The Christmas tree we know today has its roots in history dating back millennia. The fact that certain trees and plants will retain their green lush color, even throughout the winter, has had significant meaning to many people, in a wide range of cultures, through time. In many countries, the use of pine and spruce boughs, placed over their doors and window sills, were believed to help deter witches, ghosts, and evil spirits. In the case of the early pagans, the trees were harvested during the winter solstice and adorned in many cases as a symbol of fertility.
The Christmas tree tradition as we know it is actually credited as being started in the 16th Century in the country of Germany. This is when Christians started bringing the trees into their homes and actually decorating them. As for putting lights on the tree, that tradition is credited as being started by a Protestant reformer, also in the 16th century, by the name of Martin Luther.
As the centuries went on, the tradition was still not as widespread as one would think. In fact, in the 19th Century, more Americans than not found the idea of having a Christmas tree, let alone decorating it, very much of an oddity. The first known record of the Christmas tree, as we know it, was by the German settlers in the 1830’s. They brought the tradition with them when they settled in Pennsylvania, as it had been practiced already in many German homes. However, the Christmas tree was considered a pagan symbol by most Americans and was still not accepted until as late as the 1840’s.
The New England Puritans, the first to come to America, considered any decorating, carol singing, or frivolity on the 25th of December as a sacrilegious desecration of the event the day stood for. This rigid mentality towards all things Christmas as we know it now continued until the 19th century.
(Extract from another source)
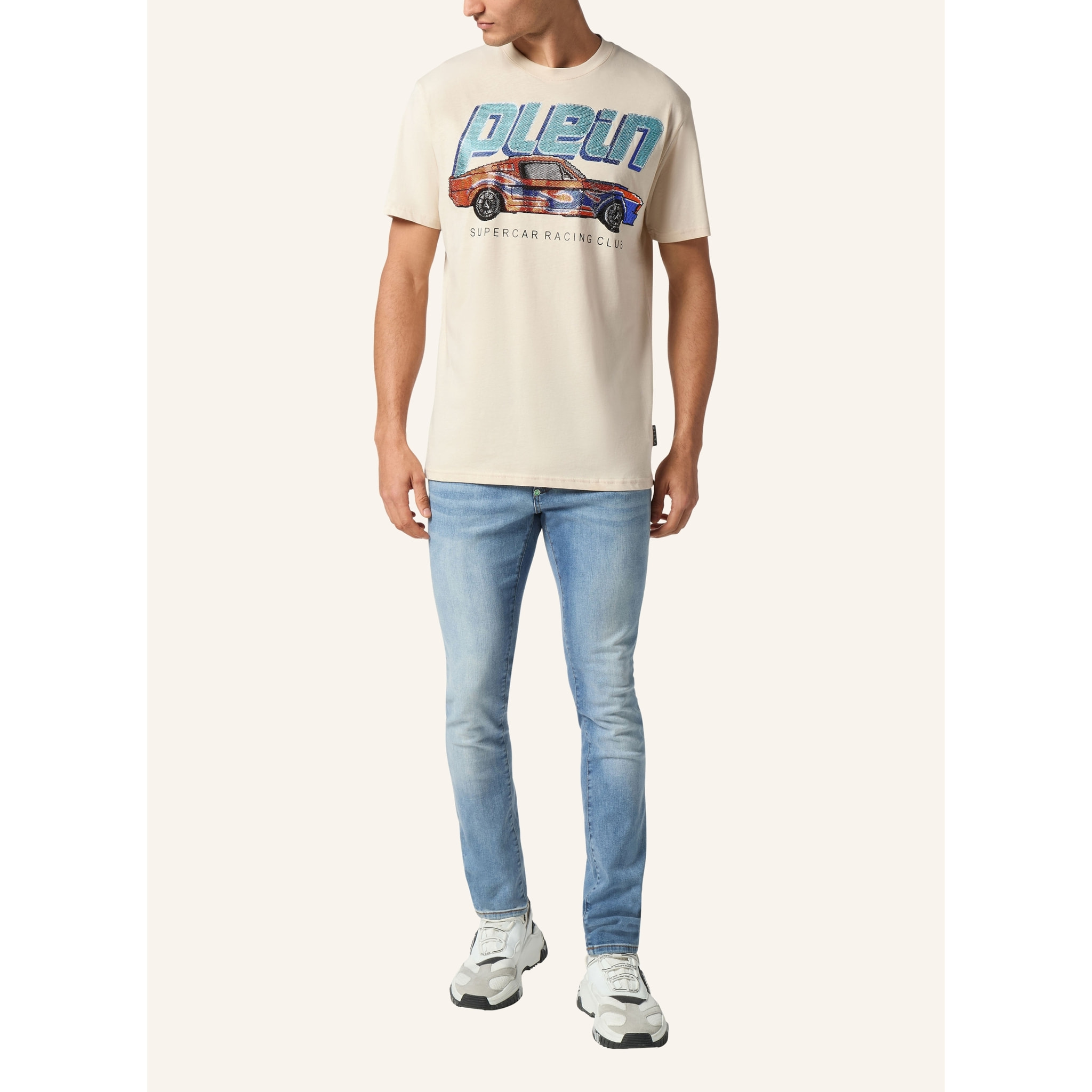 PHILIPP PLEIN Camiseta Cuello Redondo RACING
It wasn’t until the massive influx of German and Irish immigrants that the Puritan legacy against decorating and celebrating was pretty much done away with.
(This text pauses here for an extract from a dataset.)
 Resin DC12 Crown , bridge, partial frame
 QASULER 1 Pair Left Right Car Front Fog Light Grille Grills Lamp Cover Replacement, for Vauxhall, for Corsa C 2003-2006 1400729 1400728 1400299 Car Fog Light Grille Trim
However, in 1846 the then Queen Victoria is actually the one credited with turning the British around when a portrait of her and her children was sketched with them gathered around a Christmas tree. Since Victoria was very popular with the people, anything she did was considered in vogue, and as a result so was the Christmas tree.
Over the centuries the current Christmas tree, again as we know it, went through an evolution of such. The 1890s heralded in the use of decorations, arriving from Germany, as they were introduced to and added to the tree. In the 20th century, Americans were beginning to decorate with handmade items, such as ornaments and hand-strung popcorn garland. With the invention of electric came the ability to add the adornment of electrical Christmas lights, adding a twinkling glow, giving even more life to the tree.
As you can see, today’s Christmas tree was not always as we know it. Like most any tradition, it was rooted in various beliefs and went through a process of evolution, until it became one of the many symbols of the season we know and love today.